But consideration of the measure was shut down in the parliament’s upper chamber, which is controlled by the Congress Party and its political allies, even though the party supported the measure when it controlled the central government just a short time ago.  As ironically, Mr. Modi and his political party, the Bharatiya Janata Party (BJP), opposed the legislation when it was then out of power but now lines up foursquare behind it.

The BJP now decries the disruptive tactics employed by Congress though they are the same ones the BJP used when it was in the political wilderness.  Indeed, the feisty Sushma Swaraj, who is currently Mr.
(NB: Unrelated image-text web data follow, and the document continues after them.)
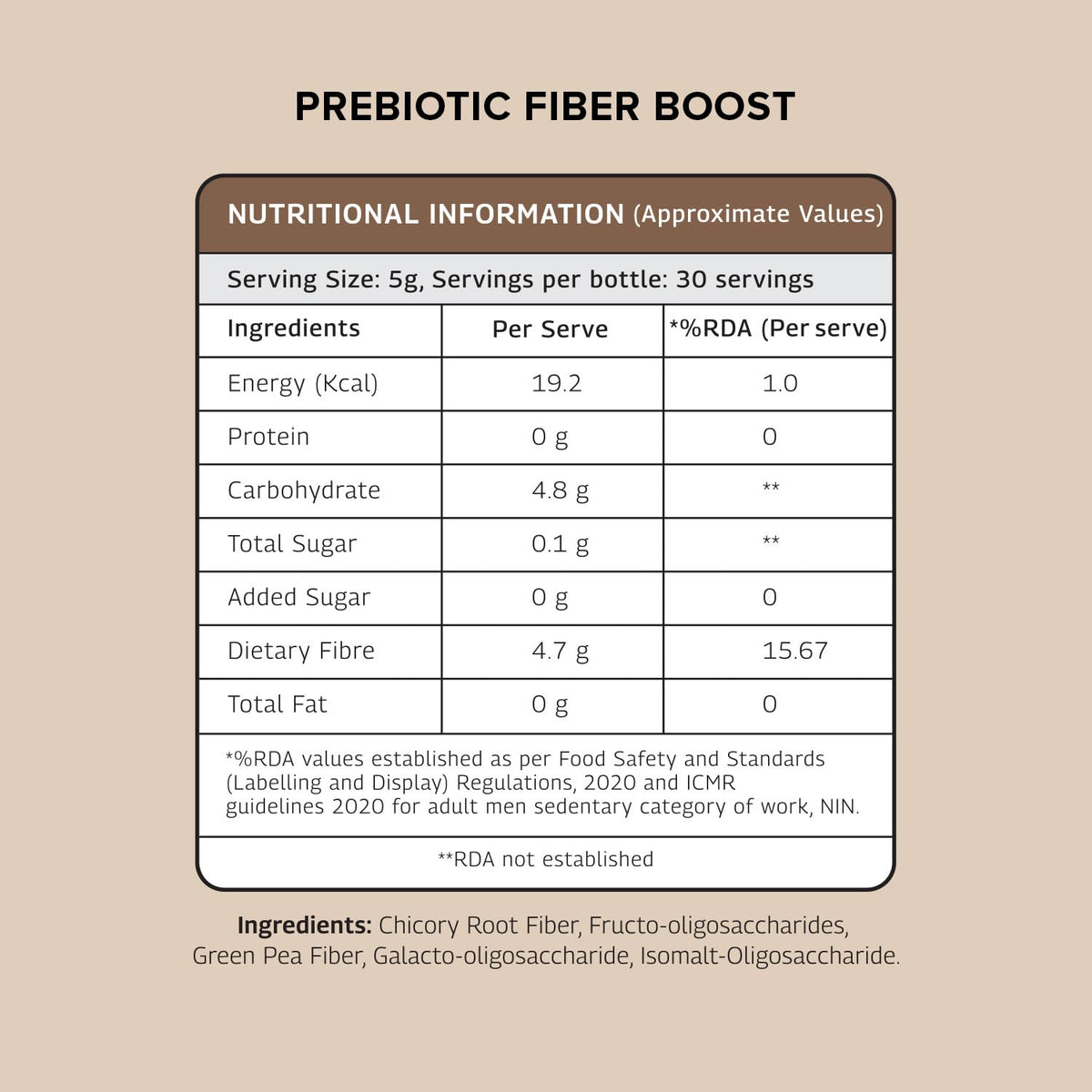 The Good Bug Prebiotic Fiber Boost Powder Improves Digestion Bloating & Gas 30 Servings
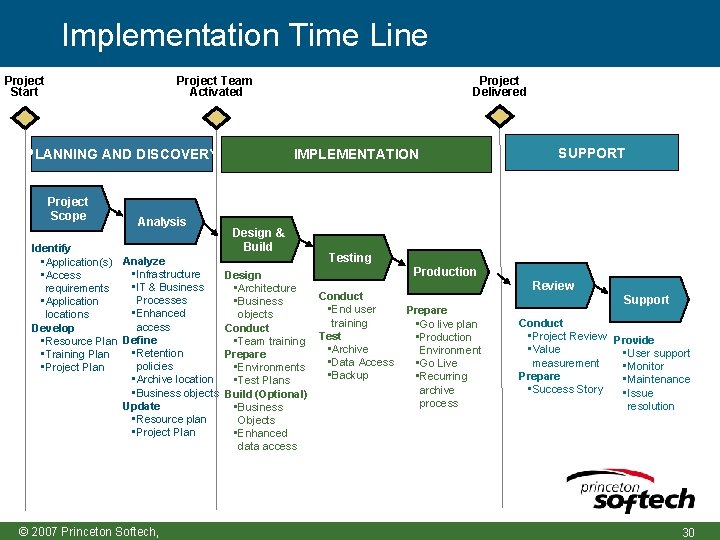 Implementation Time Line Project Team Activated Project Start IMPLEMENTATION PLANNING AND DISCOVERY Project Scope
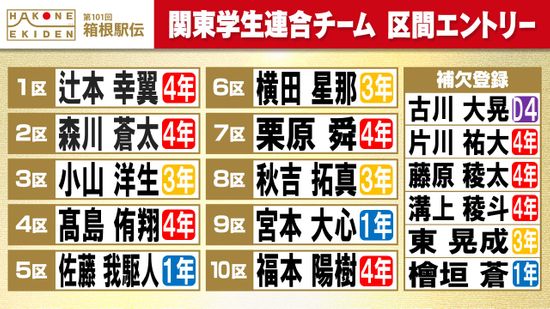 【箱根駅伝】関東学生連合チーム　東大生・秋吉拓真は8区へ　3度目の選出の東大大学院・古川大晃は補欠登録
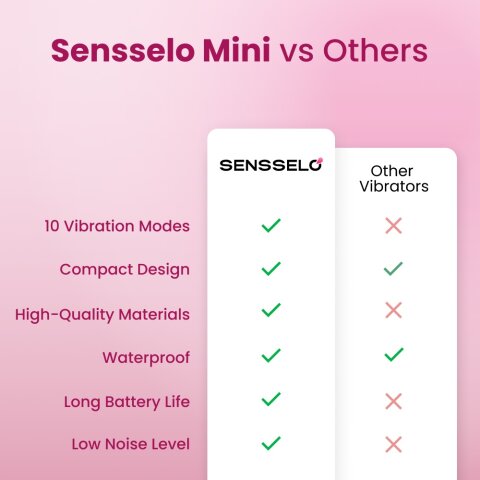 Sensselo image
Modi’s foreign minister, was a major thorn in the side of the Congress Party when she led the BJP caucus in parliament’s lower house.

Another causality of the partisan bickering was Modi’s effort to simplify the lengthy and legally-convoluted process of acquiring farmland for much-need infrastructure projects and industrial projects.  The prime minister wants to amend the land acquisition act passed by the previous central government two years ago, which is widely judged to have substantially increased project development costs.

Political machinations surround this issue, too.  The BJP cynically supported the 2013 land legislation since it wanted to court India’s vast reservoir of rural voters in the run-up to last year’s parliamentary elections.  Once in office, however, Prime Minister Modi has expended much political capital on revising the legislation but so far to no avail.

I noted in a recent issue of Datapoints that Modi was close to abandoning the effort and this point appears now to have been validated.  Anxious to avoid being tagged as “anti-farmer” in the run-up to important state-level elections in Bihar, Tamil Nadu, West Bengal and Kerala, the prime minister and his BJP colleagues have punted on the issue.  Four months ago, Modi’s finance minister declared that the land reform bill would “determine a very large part of the progress India makes.”  Now he’s taken to encouraging individual state governments to move forward in lieu of action by the central government.

This is a tacit but clear acknowledgement that Modi’s momentum is dissipating.  The prime minister’s Independence Day address on August 15, delivered two days after the parliamentary session ended, said it all: Unlike last year’s speech, which brimmed with confidence and energy, his remarks last week were tepid and defensive.  Reuters quoted an unidentified member of the prime minister’s inner circle as saying that Modi was “upset about failing to further his reforms agenda and decided to ‘keep his head down’ and focus on improving performance.”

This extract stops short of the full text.